The proceeding of Microarchitecture 2010 is released. Some interesting papers are:
- Thread Cluster Memory Scheduling: Exploiting Differences in Memory Access Behavior, a scheduling algorithm that takes both system throughput and fairness into account. Scheduler classifies threads into two types: latency-sensitive and bandwidth-sensitive.
- Task Superscalar: An Out-of-Order Task Pipeline, it opts for implicit specification of task level parallelism.
- Many-Thread Aware Prefetching Mechanisms for GPGPU Applications, improving SW/HW prefetching in the context of SIMT architecture.
- Single-Chip Heterogeneous Computing: Does the Future Include Custom Logic, FPGAs, and GPGPUs?, a grand model was built for the exploration.

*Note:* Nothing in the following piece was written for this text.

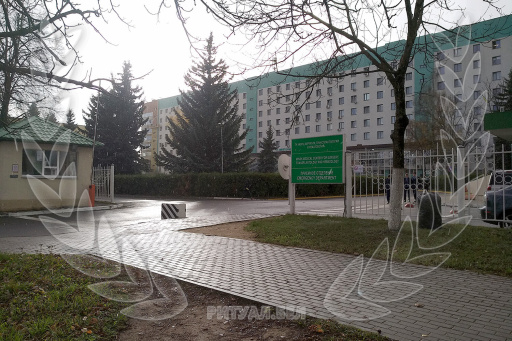 Морг Городского клинического патологоанатомического бюро Минска, фото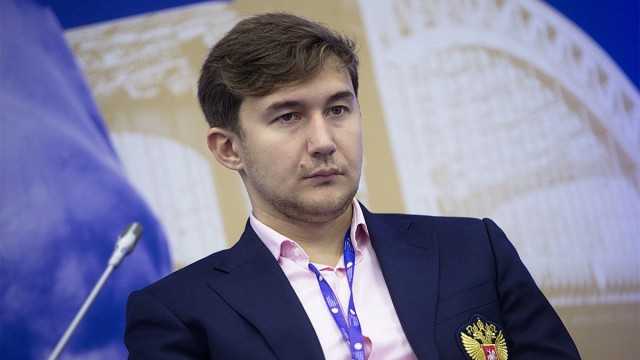 Шахматист Карякин: «Не люблю лозунги — иноагенты, предатели. Но тех, кто поедет на Олимпиаду, поддерживать не буду»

The model may over-simplify the architecture details.
- Improving SIMT Efficiency of Global Rendering Algorithms with Architectural Support for Dynamic Micro-Kernels, everything is for the branch.
- Register Cache System Not for Latency Reduction Purpose, but for area and energy reduction purpose.
- Erasing Core Boundaries for Robust and Configurable Performance, from U Mich.
- Minimal Multi-threading: Finding and Removing Redundant Instructions in Multi-threaded Processors, compacting the execution of identical control flows in SPMD.
- Understanding the Energy Consumption of Dynamic Random Access Memories, from Rambus.
- Throughput-Effective On-Chip Networks for Manycore Accelerators, utilizing the characteristics of Bulk Synchronous Parallelism (BSP) model to design efficient NOC.
- ReMAP: A Reconfigurable Heterogeneous Multicore Architecture, supporting point-to-point communication for pipeline parallelism and barrier synchronization.